Design an NPC State Machine

A finite state machine (FSM) is the most practical architecture for game NPC behavior. Each state represents a behavior mode: idle, patrol, alert, chase, attack, flee, or return. The NPC is always in exactly one state, and transitions between states are triggered by conditions you define, like "player detected within 20 meters" or "health below 25 percent."

Implement the FSM in a PlayCanvas script by storing the current state as a string or enum variable. In the update method, use a switch or if-else chain to execute the behavior for the current state. Each state's logic checks its transition conditions first, switches state if a condition is met, and otherwise executes the state's ongoing behavior. Keep the state-checking logic separate from the behavior logic so you can modify transitions without rewriting movement code.

A basic NPC FSM might have five states. The "idle" state plays a standing animation and periodically checks if the player is nearby. The "patrol" state moves the NPC between waypoints on a defined route. The "chase" state moves toward the player's last known position. The "attack" state plays an attack animation and applies damage when the player is within melee or projectile range. The "return" state navigates the NPC back to its patrol route after losing sight of the player.

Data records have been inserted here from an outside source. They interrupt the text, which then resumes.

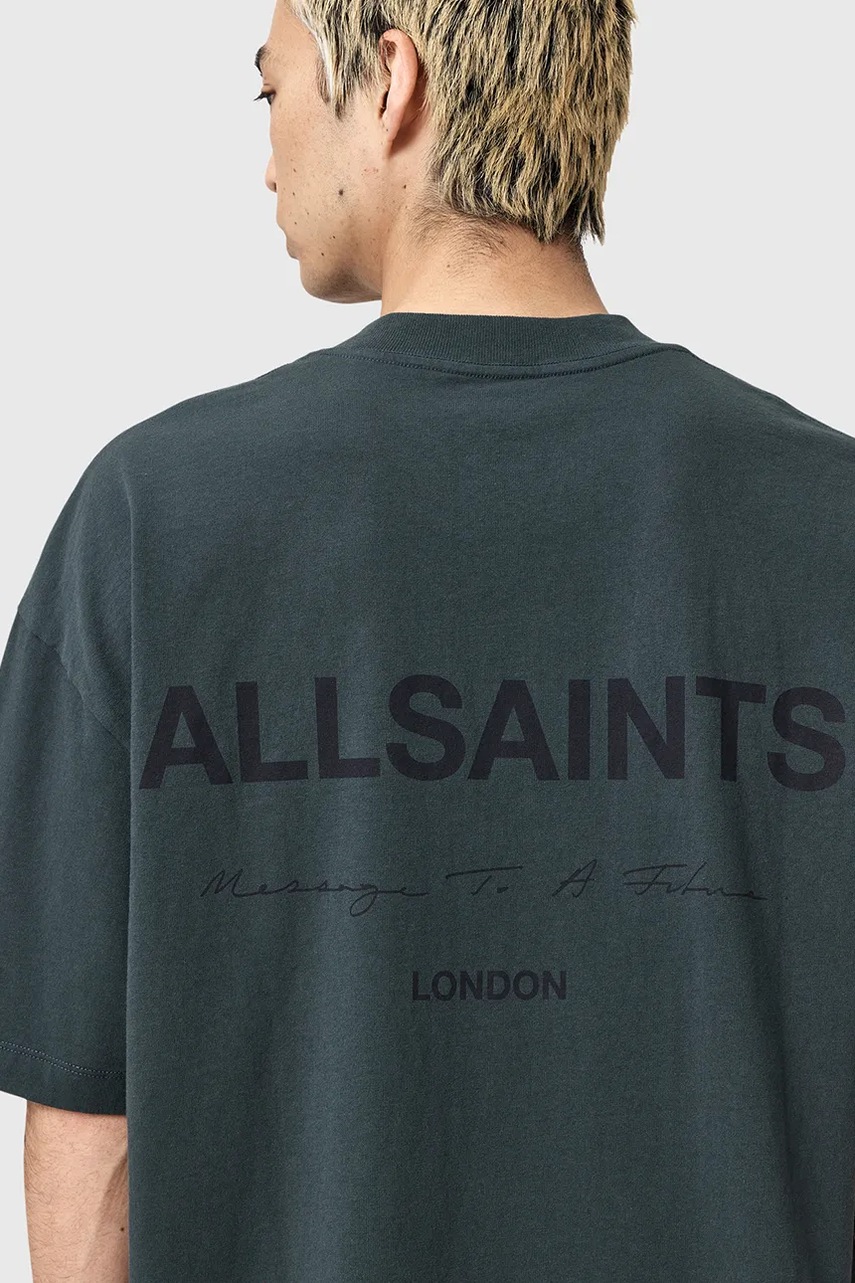 Хлопковая футболка AllSaints FUTURE цвет серый с принтом M006PD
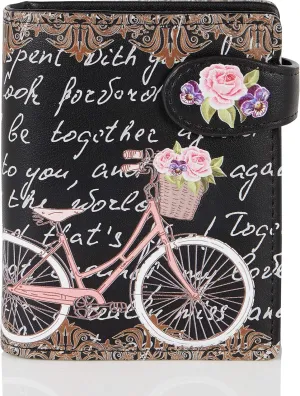 Parisian Bicycle Flowers Black Leatherette Young Ladies Zipper Small Purse, Multicolour, Parisian bicycle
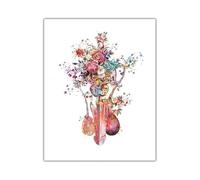 Yocheng Colorful Anatomy Art Medical Canvas Painting Floral Organs Heart Lung Poster Print Education Hospital Wall Pictures Home Decor 50x70cm No Frame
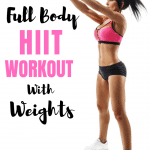Get your sweat on with this 1000 calorie full body HIIT workout with weights. Nothing burns more calories than a weights HIIT workout. #fullbodyhiit #hiitwithweights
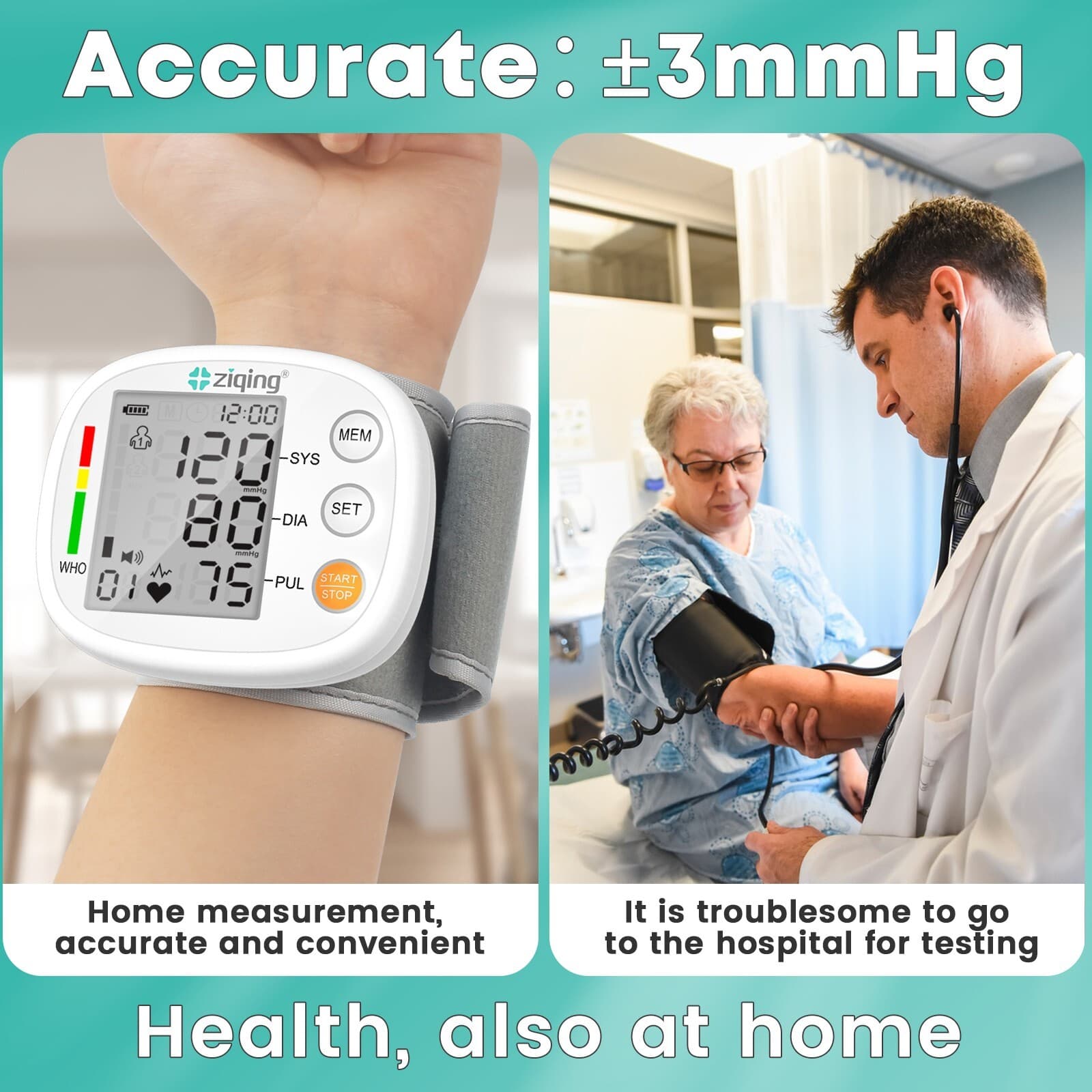 Ziqing Wrist Blood Pressure Monitor Medical Blood Pressure Monitor US 6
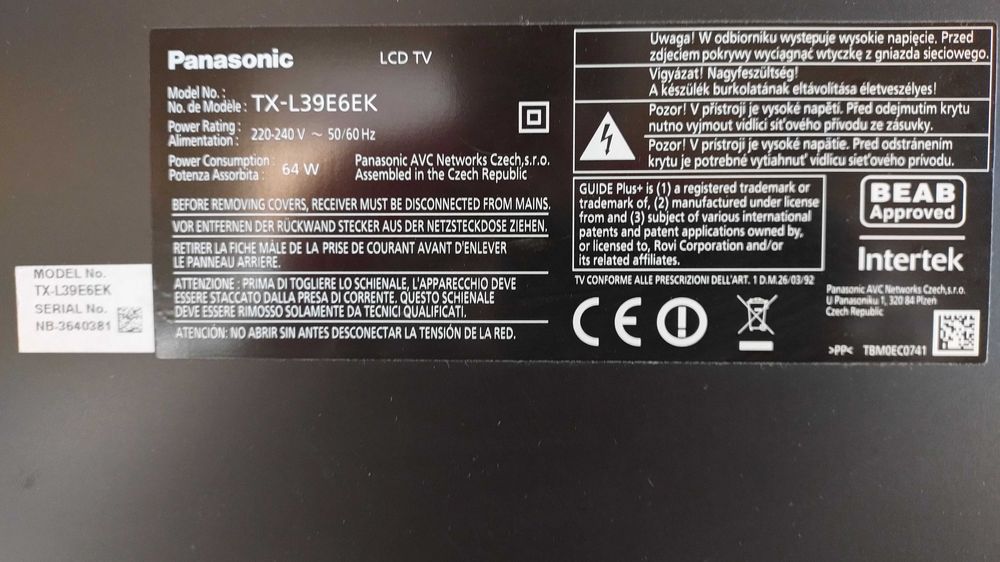 Telewizor Panasonic-TX-L39E6E - 39 cal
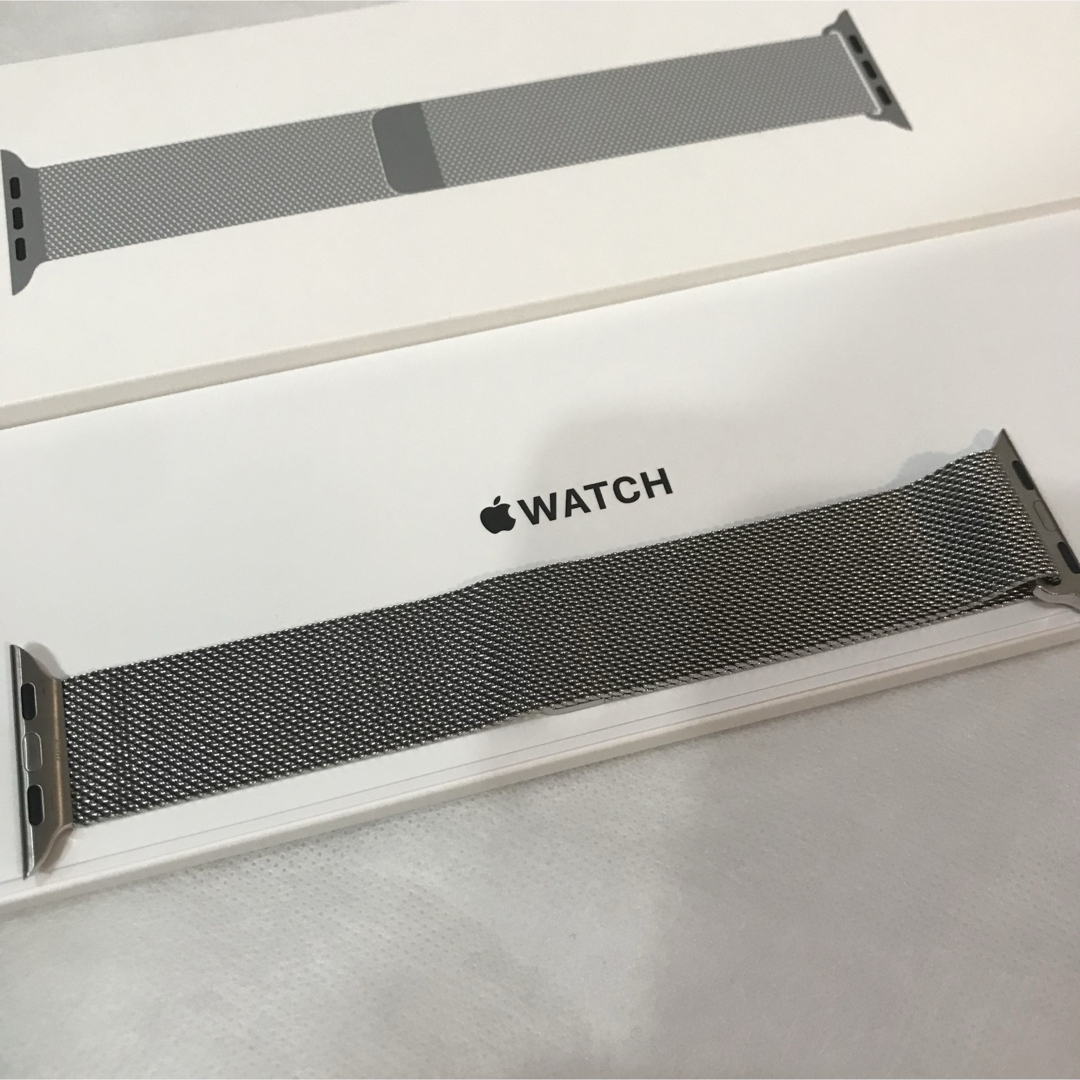 【純正】Apple Watch バンド 41mm シルバー ミラネーゼループ  メンズの時計(金属ベルト)の商品写真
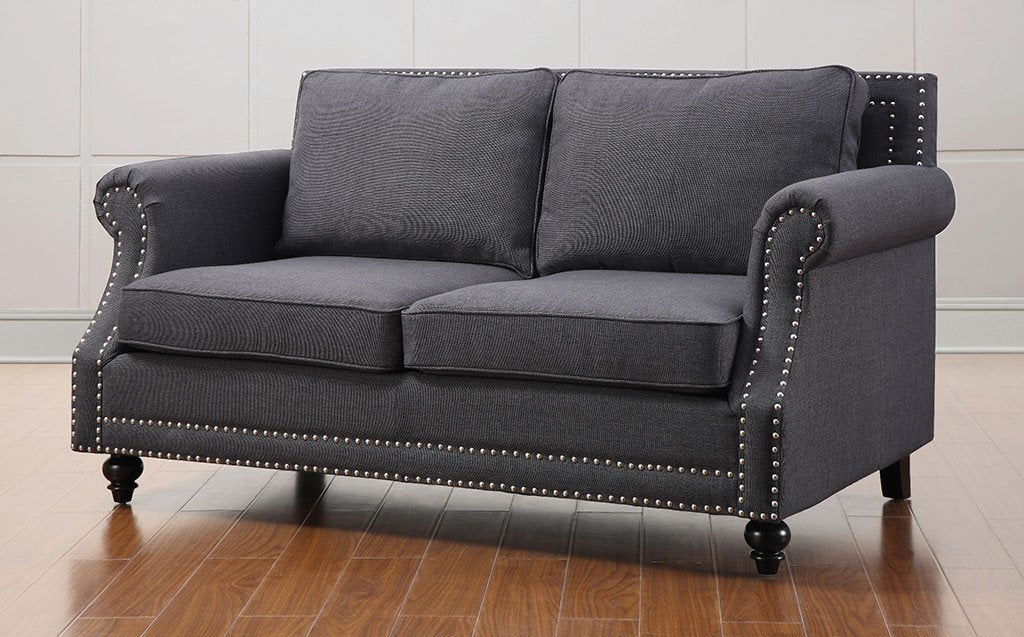 Canton Linen Loveseat Gray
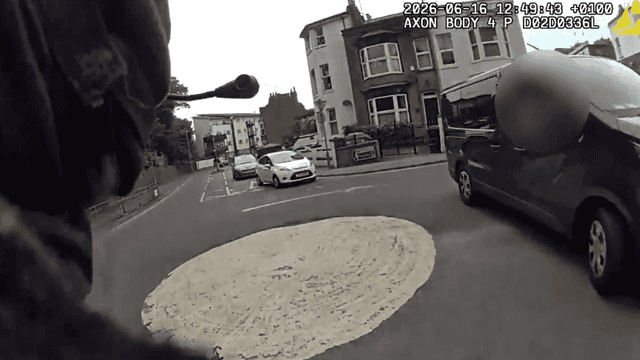 Watch incredible moment van driver helps armed police catch suspect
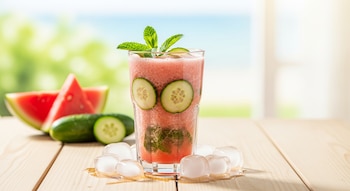 Los licuados de sandía, pepino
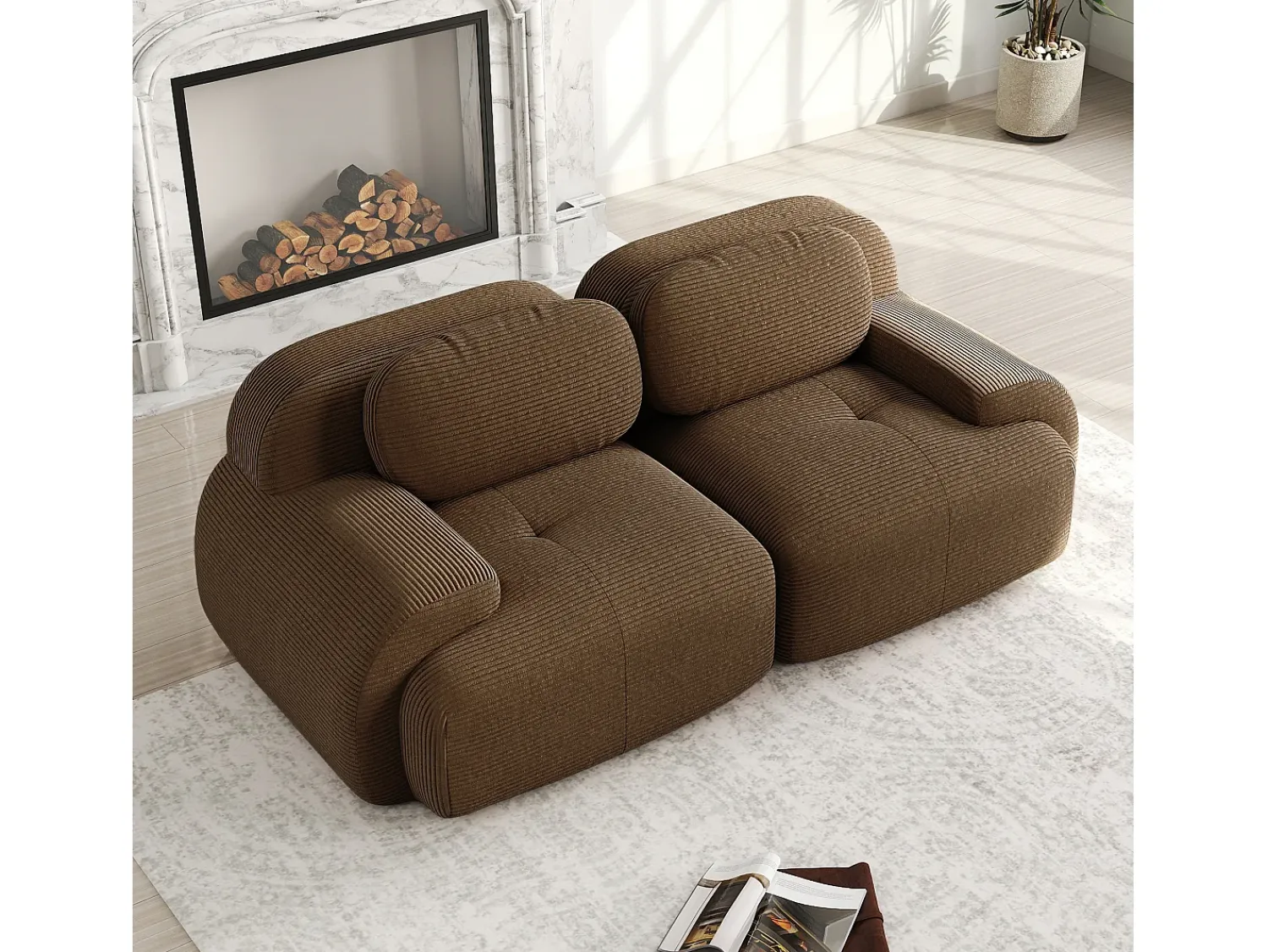 Sofá*DripeX Sofá 2 lugares modular em Veludo cotelê - com 2 almofadas - 208x103x70cm - Marrom Castanho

Add hysteresis to your transition conditions to prevent rapid flickering between states. If the NPC transitions to "chase" when the player is closer than 15 meters, set the "return to patrol" threshold at 25 meters rather than 15. This gap prevents the NPC from switching between chase and patrol every frame when the player hovers near the detection boundary. You can also add minimum time requirements for states, ensuring the NPC stays in a state for at least a second before evaluating transitions.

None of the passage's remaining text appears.